_What to produce_
The answer should hold only the line with "Bear Pattern Infant" and each line after it through the last line of the material, exactly.

_Dataset content_
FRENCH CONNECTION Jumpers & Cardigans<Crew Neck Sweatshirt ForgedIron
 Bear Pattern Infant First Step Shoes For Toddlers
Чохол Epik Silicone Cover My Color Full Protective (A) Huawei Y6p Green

_Solution for this exercise_
 Bear Pattern Infant First Step Shoes For Toddlers
Чохол Epik Silicone Cover My Color Full Protective (A) Huawei Y6p Green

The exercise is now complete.